CHAPTER III

The prophet denounces a wo against Nineveh for her perfidy and

violence. He musters up before our eyes the number of her

chariots and cavalry; points to her burnished arms, and to the

great and unrelenting slaughter which she spreads around her,

1-3.

Because Nineveh is a city wholly given up to the grossest

superstition, and is an instructress of other nations in

her abominable rites, therefore she shall come to a most

ignominious and unpitied end, 3-7.

Her final ruin shall be similar to that of No, a famous city

of Egypt, 8-11.

The prophet then beautifully describes the great ease with

which the strong holds of Nineveh should be taken, 12,

and her judicial pusillanimity during the siege, 13;

declares that all her preparation, her numbers, opulence, and

chieftains, would be of no avail in the day of the Lord's

vengeance, 14-17;

and that her tributaries would desert her, 18.
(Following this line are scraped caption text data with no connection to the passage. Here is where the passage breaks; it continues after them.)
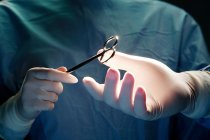 Ausgeschnittene Ansicht des Assistenten, der dem Chirurgen während der Operation eine Pinzette reicht. — Stockfoto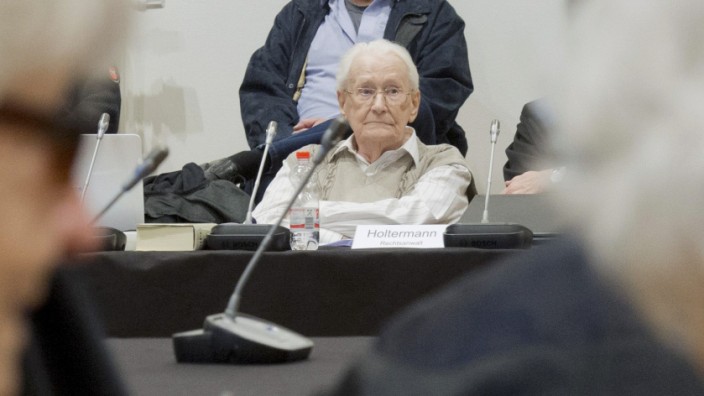 Former bookkeeper at Auschwitz Groening waits for start of his trial in Lueneburg
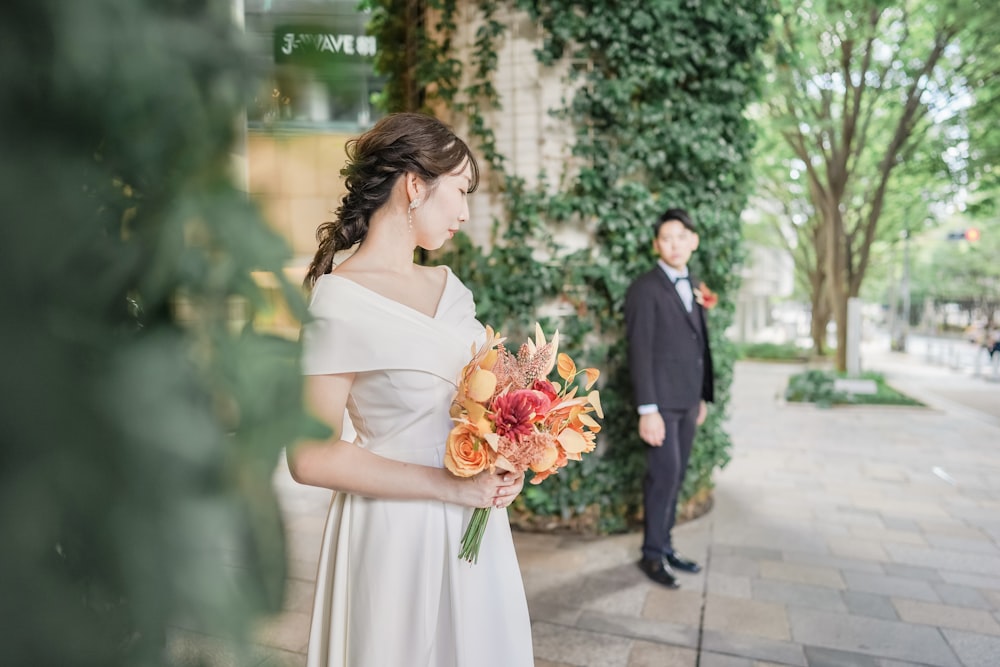 a man and a woman standing next to each other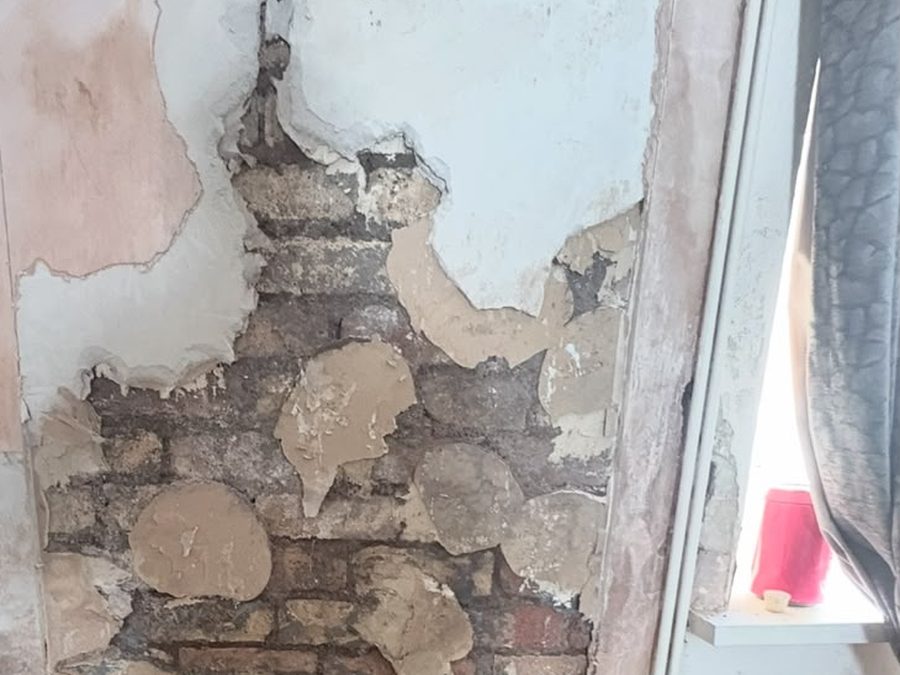 Wall with blown plaster stripped back to brickwork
The whole concludes with stating the incurableness of her

malady, and the dreadful destruction consequently awaiting her;

and with introducing the nations which she had oppressed as

exulting at her fall, 19.

NOTES ON CHAP. III

Verse Nahum 3:1. Wo to the bloody city!] Nineveh: the threatenings against which are continued in a strain of invective, astonishing for its richness, variety, and energy. One may hear and see the whip crack, the horses prancing, the wheels rumbling, the chariots bounding after the galloping steeds; the reflection from the drawn and highly polished swords; and the hurled spears, like flashes of lightning, dazzling the eyes; the slain lying in heaps, and horses and chariots stumbling over them! O what a picture, and a true representation of a battle, when one side is broken, and all the cavalry of the conqueror fall in upon them, hewing them down with their swords, and trampling them to pieces under the hoofs of their horses! O! infernal war! Yet sometimes thou art the scourge of the Lord.